Hannes overhandigt hem de bezem en laat zijn broek zakken
“Kom maar op met dat lekkere klapstuk!”
“Ik begin bij de rug,” legt de dokter uit, “net als bij een onwillig paard.”
“Au! Wat doet u nu?”
“Geen angst, geniet er maar van.”
“Au! Au! Dokter waarom slaat u me? Noemt u dat een klapstuk? Het is me wat moois!”
Zijn moeder heeft zijn kreten gehoord en stormt eropaf.
“Oh! dus dit is wat u bedoelde? Dat zal u bezuren, hier, pak aan! En laat me er meteen een vuist vol knoflook aan toevoegen!”
“Au!” gilt de dokter, “genoeg!”
“Mam,” roept Hannes, “sla er op los!”
“Het was allemaal voor zijn eigen bestwil!” roept de dokter. “Stop alstublieft! Wilt u me soms dood hebben?”

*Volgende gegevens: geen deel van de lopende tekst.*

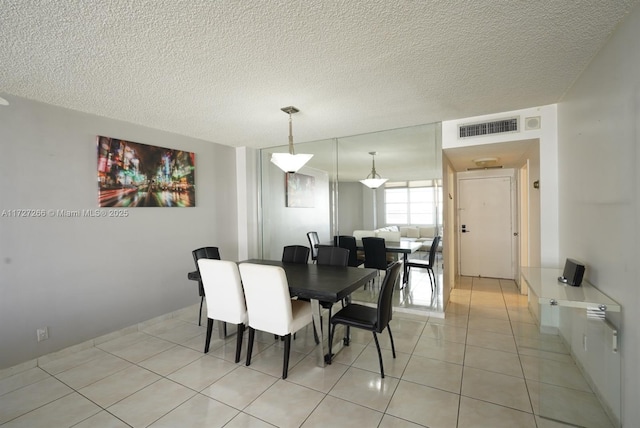 tiled dining area with a textured ceiling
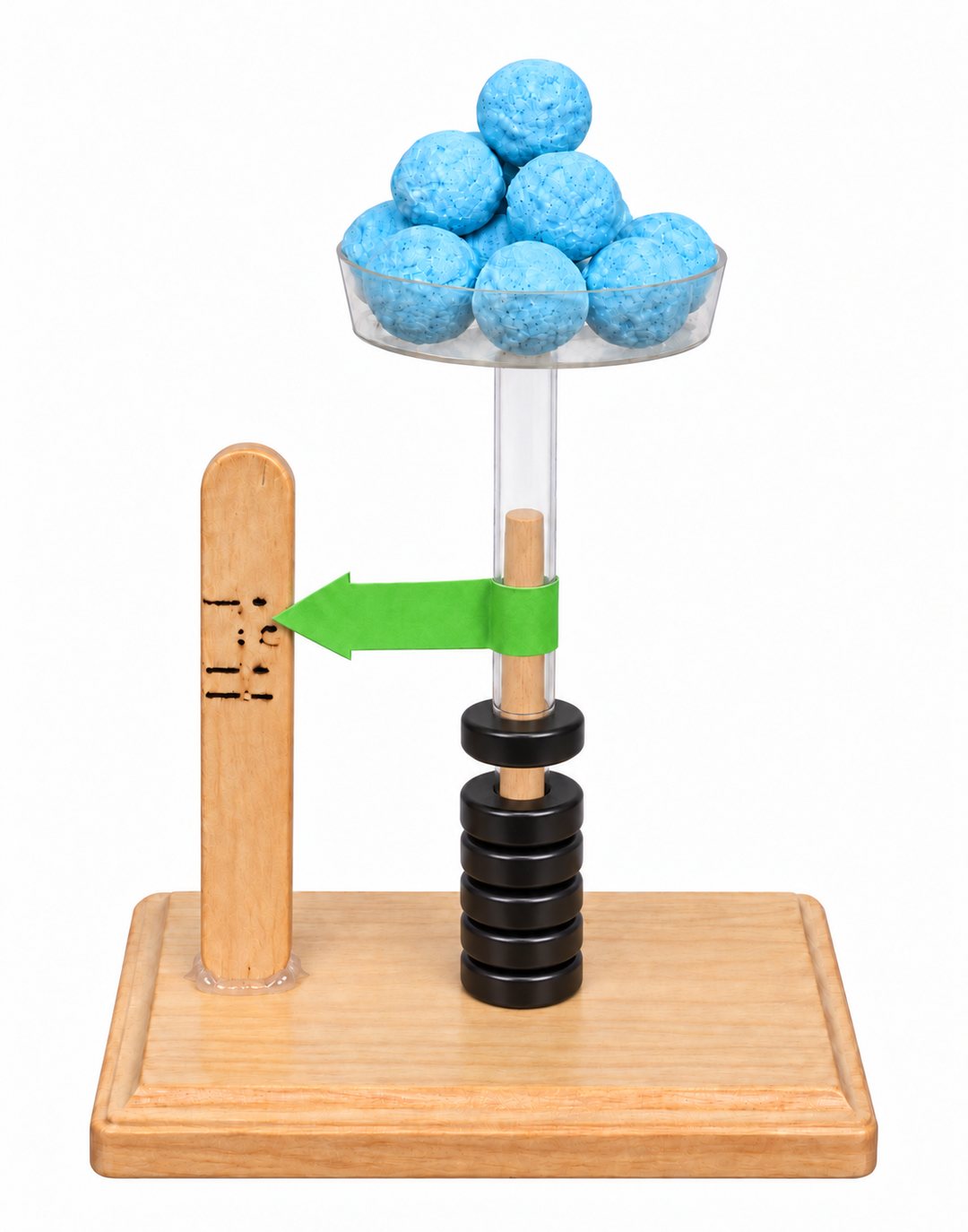 Finished magnetic spring scale: a clear tube rests on the floating black ring magnets, a petri dish tray with foam balls sits on top of the tube, and a green paper arrow on the tube points at pen marks on a craft stick glued to the base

Aangetrokken door al het kabaal komt Vrouw Web kijken wat er aan de hand is. Tussen de klappen door legt vrouw Verwen uit dat ze Kwakzalf dubbel en dwars terugbetaalt voor wat hij haar zoon heeft aangedaan.
“Ja Lijp Loer,” zegt Hannes, “dat komt allemaal door jou.”
“Hoe smaakte overigens jouw klapstuk?” vraagt Lijp.
“Dat weet je maar al te best.”
“Inderdaad, het is ons beiden bar slecht bekomen.”
“Hou op met slaan!” roept Web tegen vrouw Verwen, “ben je helemaal gek geworden?”
“Oef,” zegt de dokter, “eindelijk rust.”
“Moet ie maar geen kinderen mishandelen,” zegt Verwen.
“Als je jouw kind wat vaker bonen voorzet en af en toe op zijn flikker geeft,” zegt de dokter, “wordt het misschien ooit nog een flinke jongen.”